El look de Vittoria Ceretti evocó directamente el vestido que Carla Bruni lució como abanderada en los Juegos Olímpicos de Invierno de Turín 2006, también diseñado por Armani.

El look de Vittoria Ceretti evocó directamente el vestido que Carla Bruni lució como abanderada en los Juegos Olímpicos de Invierno de Turín 2006, también diseñado por Armani.

Armani y el olimpismo italiano

El vínculo entre Giorgio Armani y el deporte italiano es de larga data.
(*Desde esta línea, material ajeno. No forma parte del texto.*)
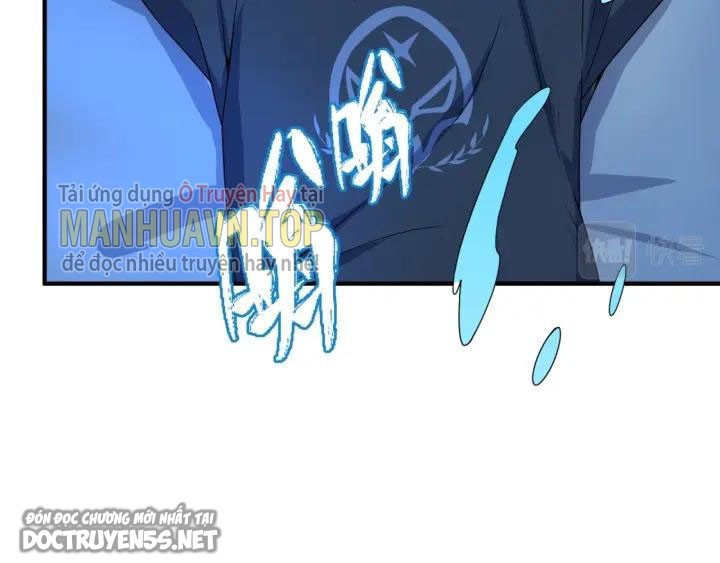 toàn cầu quỷ dị thời đại chapter 3 11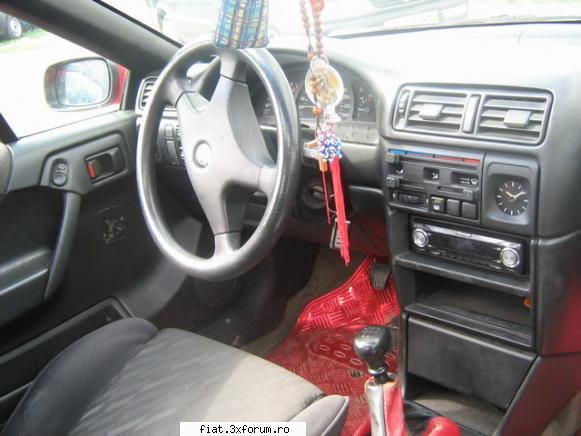 vand opel calibra - amariei rares - Anunturi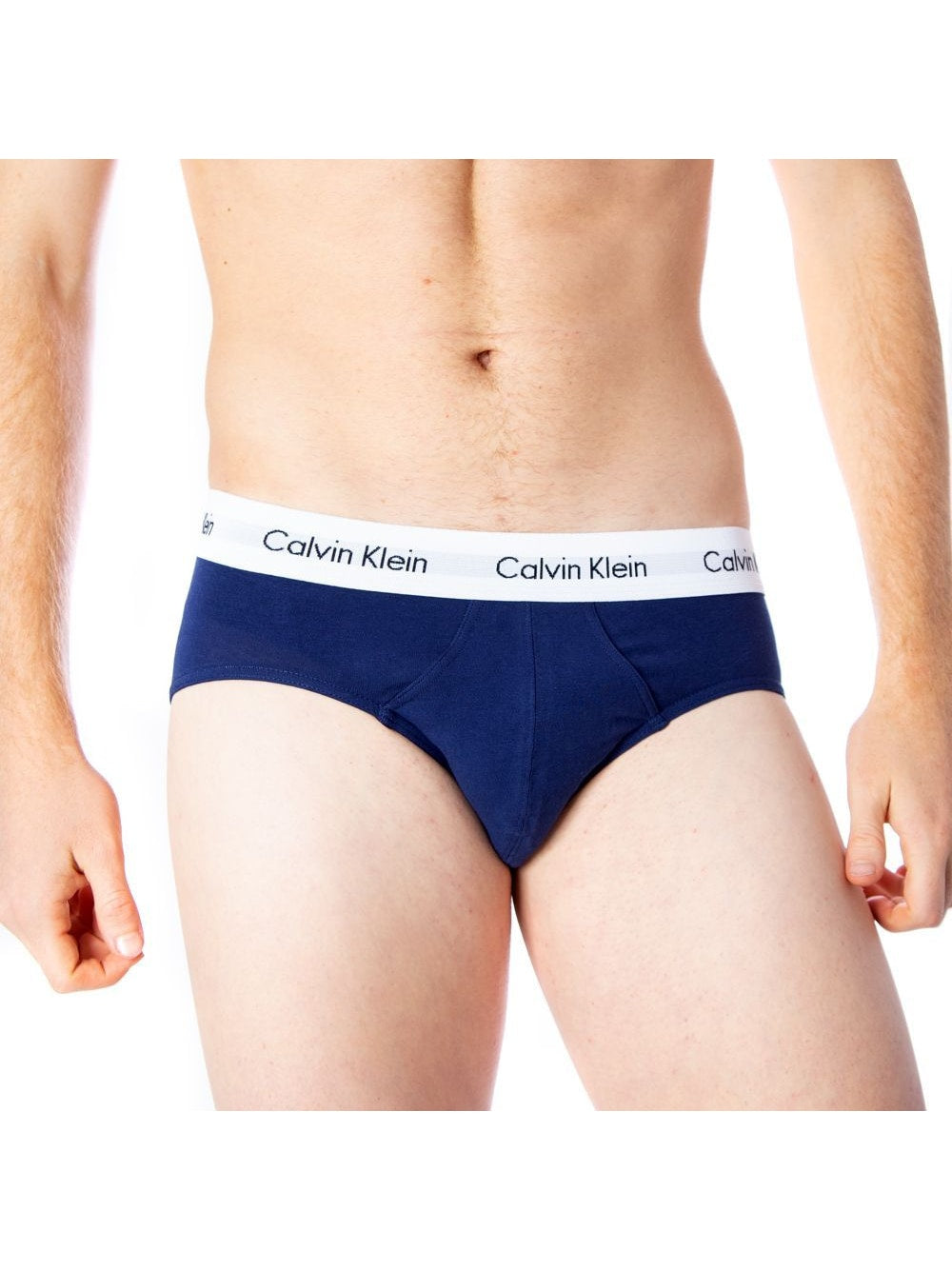Calvin Klein Underwear · Слипове · Червен | DontMiss.bg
Desde los Juegos Olímpicos de Londres 2012, el diseñador estuvo a cargo de los uniformes oficiales de la delegación nacional a través de su línea EA7 Emporio Armani. En Milán–Cortina 2026, esa relación alcanzó su punto más alto al integrarse plenamente en la narrativa visual y emocional de la ceremonia inaugural.

El uso del blanco, tanto en los uniformes como en el vestido de Ceretti, fue interpretado como una referencia directa a las cumbres nevadas y al espíritu olímpico, un concepto que el propio Armani definió en vida como “armonía, equilibrio y respeto por el entorno”.

La delegación italiana desfila en la ceremonia inaugural de Milán–Cortina 2026, luciendo los uniformes oficiales de Giorgio Armani y reafirmando la identidad del deporte italiano.

La delegación italiana desfila en la ceremonia inaugural de Milán–Cortina 2026, luciendo los uniformes oficiales de Giorgio Armani y reafirmando la identidad del deporte italiano.

Un momento que definió la noche

Entre los asistentes se encontraban figuras del mundo de la moda, el cine y la cultura internacional, reforzando el carácter global del evento. Sin embargo, fue el paso de Vittoria Ceretti por San Siro el que terminó concentrando la atención mediática y las conversaciones posteriores.

Más allá del espectáculo deportivo, su desfile se convirtió en una imagen poderosa: un puente entre generaciones, un homenaje visual a Carla Bruni y una despedida emotiva al legado de Giorgio Armani. Un momento pensado para quedar grabado en la memoria visual de estos Juegos Olímpicos de Invierno.